───── Provided material ─────

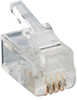 Rj10 Connector, Plug, 4P4C, 1Port; Modular Connector Type Lumberg - 82AH0677 - Newark, An Avnet Company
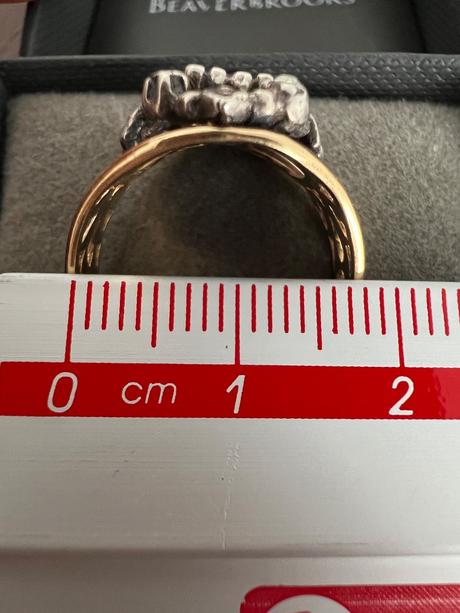 Starozitny prsten 18k zlato, 
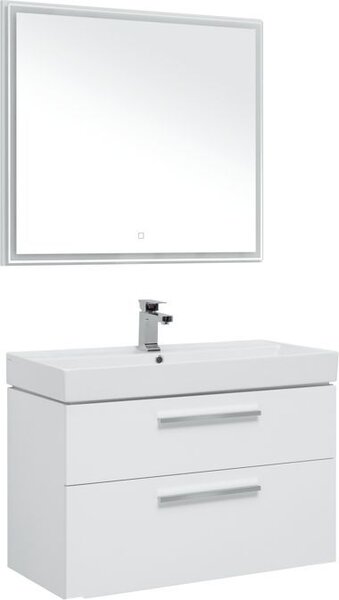 Комплект мебели для ванной Aquanet Nova 90 белый (2 ящика)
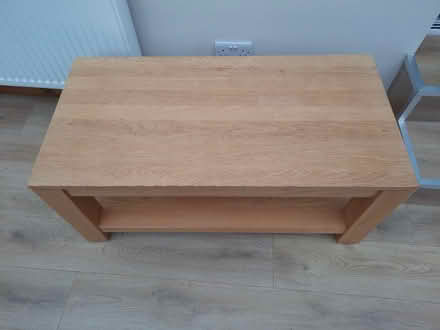 Photo of free Oak coffee table (Carmunnock G76) #1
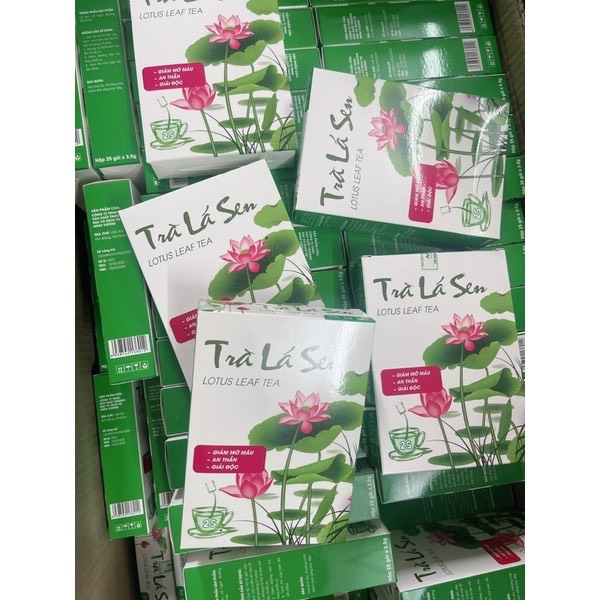 Trà lá sen hương thơm đặc biệt Hộp 25 gói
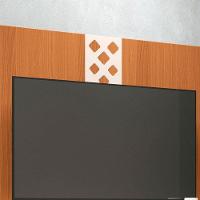 Painel Para Tv Home Suspenso Ambiente Form Cinamomo Off White - Hb Móveis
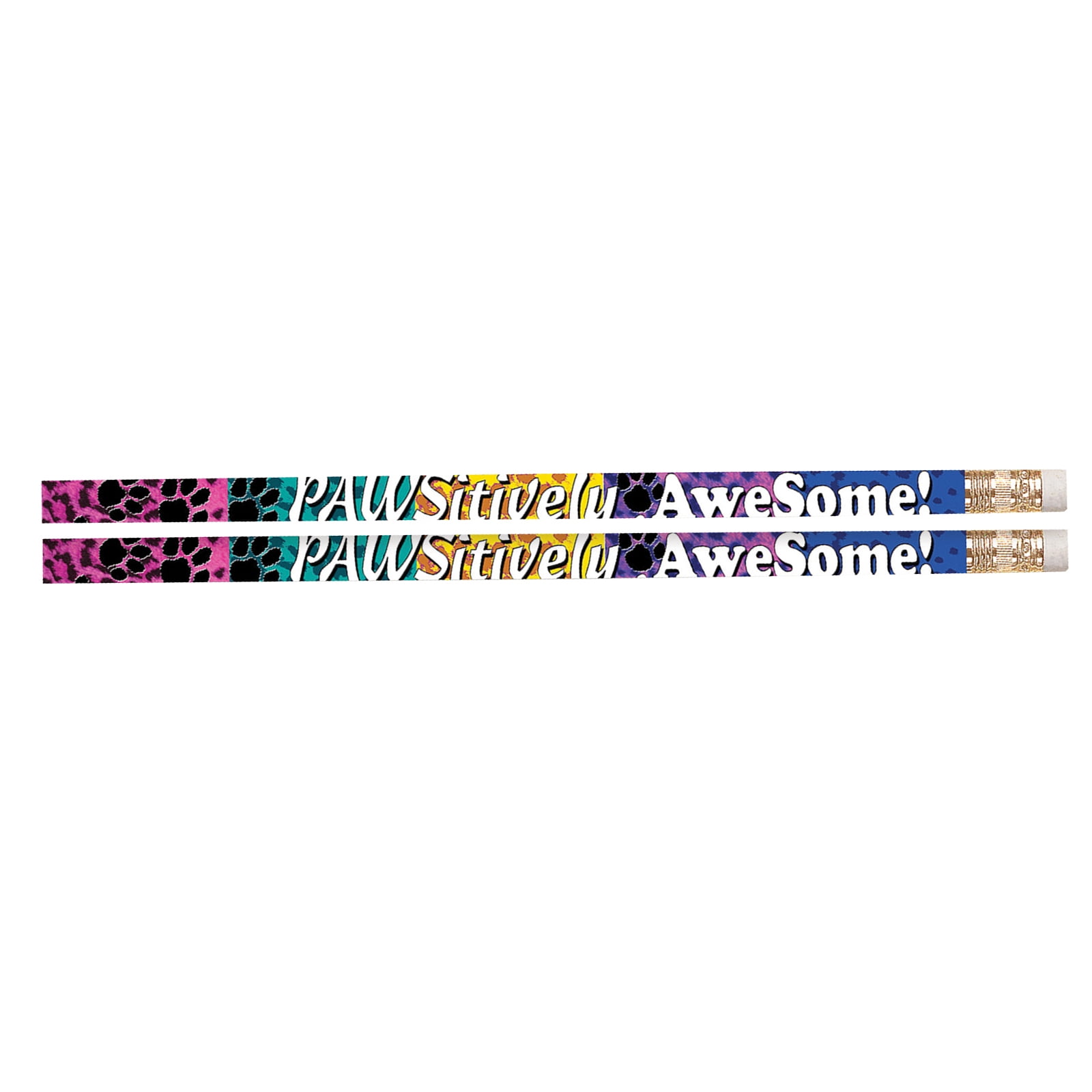 Musgrave Pencil Company Pawsitively Awesome Motivational Pencil, 12 Per Pack, 12 Packs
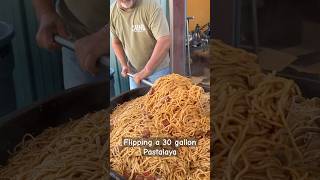 Flipping a 30 gallon Pastalaya shorts goodvibes recipe louisiana [upl. by Leahpar]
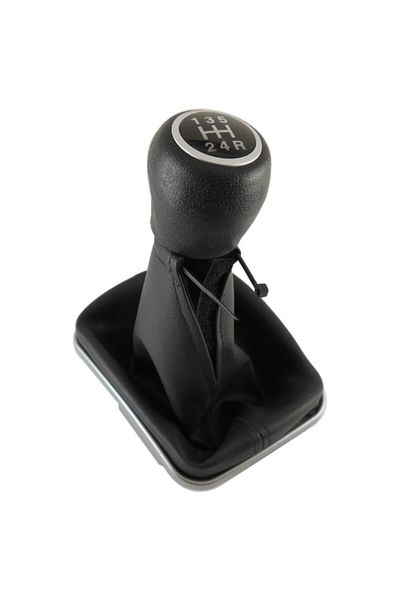 ARKIL Linea Punto 5 Gear غطاء زجاجي مقبض ناقل الحركة مجموعة سوداء كاملة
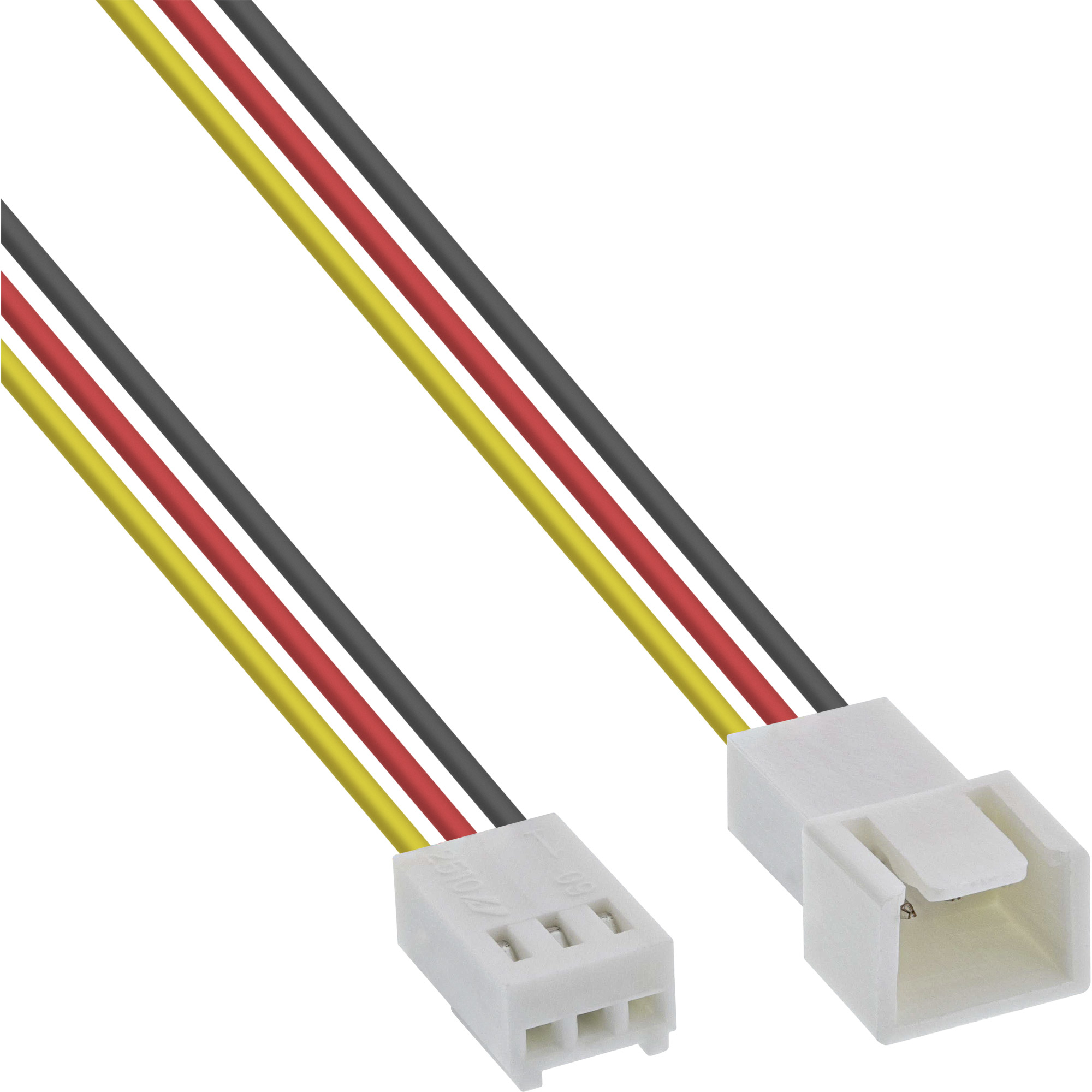 InLine® Lüfterkabel Verlängerung, 3pol Molex Stecker / Buchse, 2m InLine® Lüfterkabel Verlängerung, 3pol Molex Stecker / Buchse, 2m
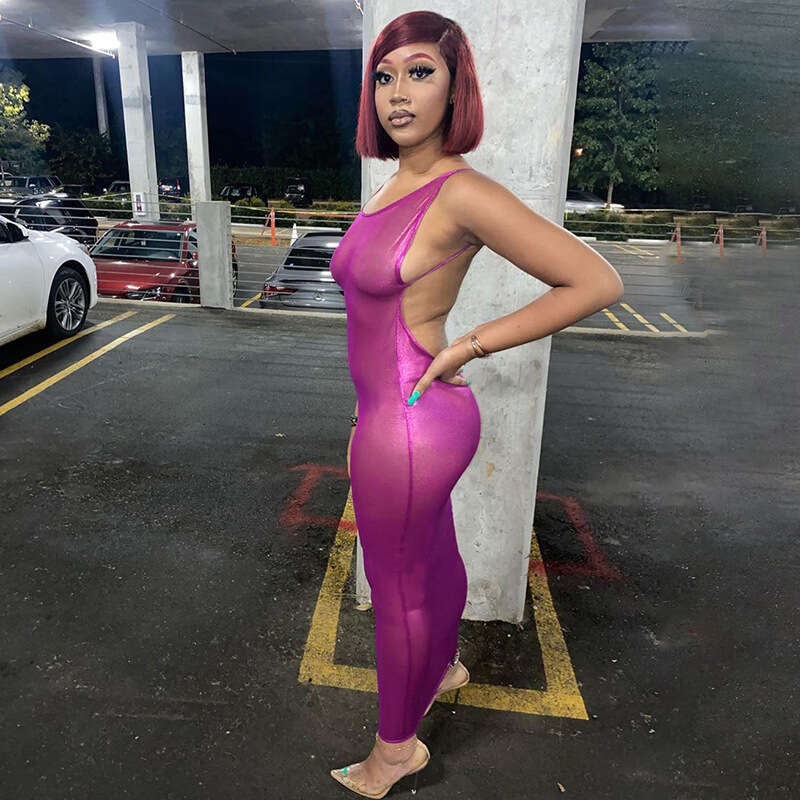 French hot selg summer sexy backless suspender colorful dress women's fashion wholesale 2025 new temperament chic elegant clothing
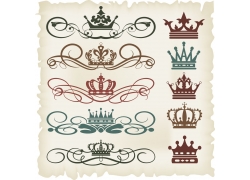 皇冠花纹页面元素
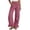 Z30 Hot Pink, variant on Womens Ruffle Hem Wide Leg Pants Elastic High Waist Flowy Linen Pant Summer Casual Vacation Work Boho Clothes with Pockets 2026 White,M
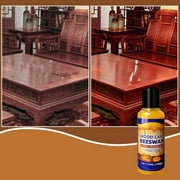 Wood Care Beeswax Polish for Furniture - Natural Wax Restoring Shine 120ML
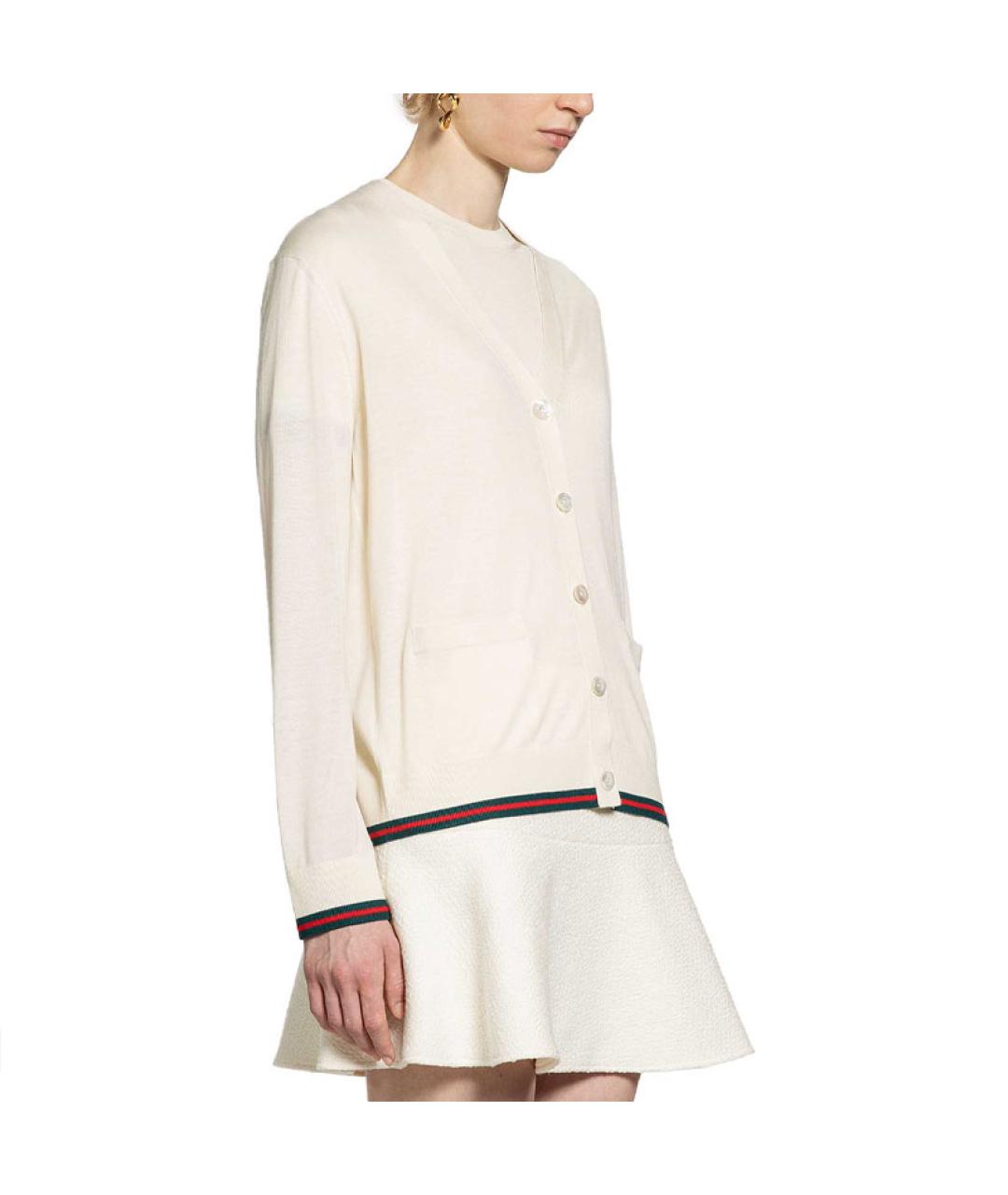 GUCCI Белый кардиган, фото 5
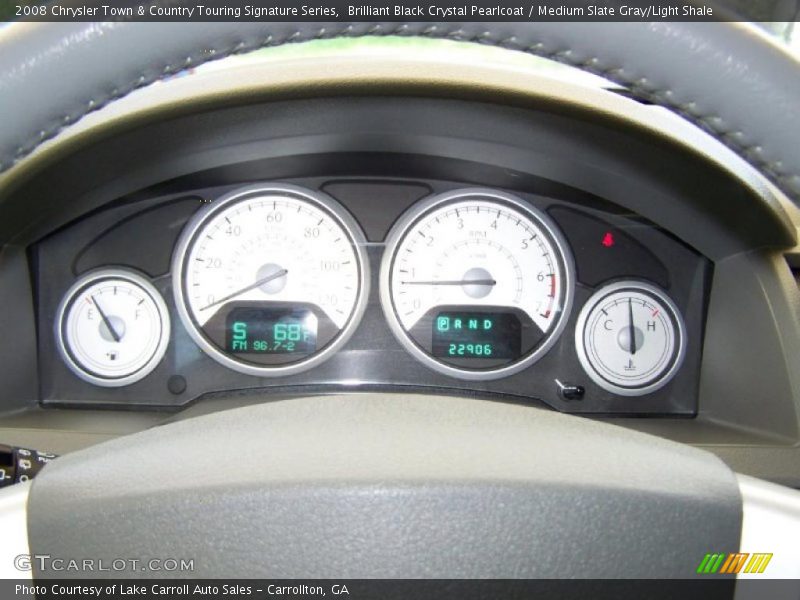 Brilliant Black Crystal Pearlcoat / Medium Slate Gray/Light Shale 2008 Chrysler Town & Country Touring Signature Series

─────

Reproduce the records word for word, please, from their first line up to and including the line that contains "Photo of free", but no pictures.

Response to this exercise -
 Rj10 Connector, Plug, 4P4C, 1Port; Modular Connector Type Lumberg - 82AH0677 - Newark, An Avnet Company
 Starozitny prsten 18k zlato, 
 Комплект мебели для ванной Aquanet Nova 90 белый (2 ящика)
 Photo of free Oak coffee table (Carmunnock G76) #1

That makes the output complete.